FIG. 1 is a schematic flow chart of the method of the present invention;

FIG. 2 is a diagram of a technical route and a logic framework of a multi-layered distributed signal control platform according to an embodiment;

FIG. 3 is a schematic diagram of a physical architecture of distributed awareness of a vehicle-road collaborative environment in an embodiment;

FIG. 4 is a schematic diagram of a distributed signal timing optimization control and implementation process in an embodiment.

Detailed Description

The invention will now be described in detail with reference to the drawings and specific examples.

Examples

The utility model provides a city multi-intersection multilayer distribution control system under car way collaborative environment, includes that signal control unit, drive test unit and the multisource traffic state perception equipment of laying at each intersection, and each intersection is provided with corresponding road network topological structure respectively, and road network topological structure includes the intersection that is adjacent directly with this intersection all, and the road network topological structure that the intersection corresponds specifically is:

G _i (N _i ,E _i )

wherein G is _i Road network topological structure model for intersection i, N _i For a set of nodes, including all directly adjacent intersections to local intersection i, E _i The road segment collection is connected with the intersection i and is used for reflecting the road segment length and saturated flow data;

the drive test unit of the local intersection i is only connected with N _i The road test units of the intersections in the node set are in communication connection, and meanwhile, the road test units of the local intersections i only receive the data from E _i Intersection state information collected by the multisource traffic state sensing equipment of the road section set.

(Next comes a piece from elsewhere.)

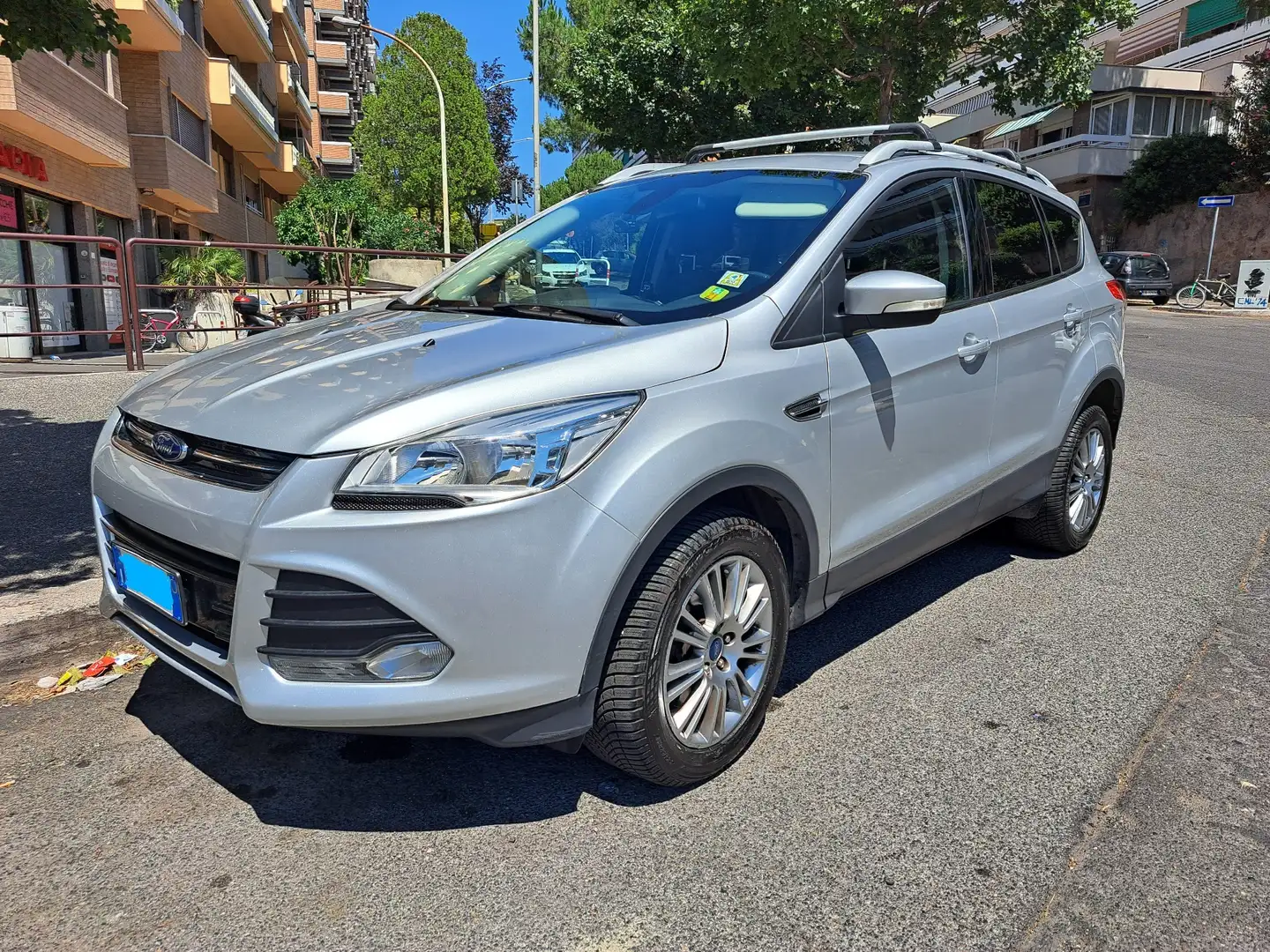 Ford Kuga 2.0 TDCi 4x4 Titanium - 1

The road test unit is in communication connection with the signal control unit of the intersection, the road test unit is in communication connection with the road test units of other adjacent intersections in the road network topology structures corresponding to the intersection and the multisource traffic state sensing equipment respectively so as to form distributed communication among the road network topology structures of the intersections, and in practical application, the road test unit can be in communication connection with the internet-connected vehicles.

The multi-source traffic state sensing equipment is used for collecting intersection state information in real time;

the road test unit is used for fusing and processing the state information of the intersection and the state information of the adjacent intersection, and combining the signal timing information of the adjacent intersection to obtain an optimized signal timing scheme of the intersection;

the signal control unit acquires an optimized signal timing scheme from the drive test unit of the intersection so as to correspondingly control the signaler of the intersection to execute the optimized signal timing scheme.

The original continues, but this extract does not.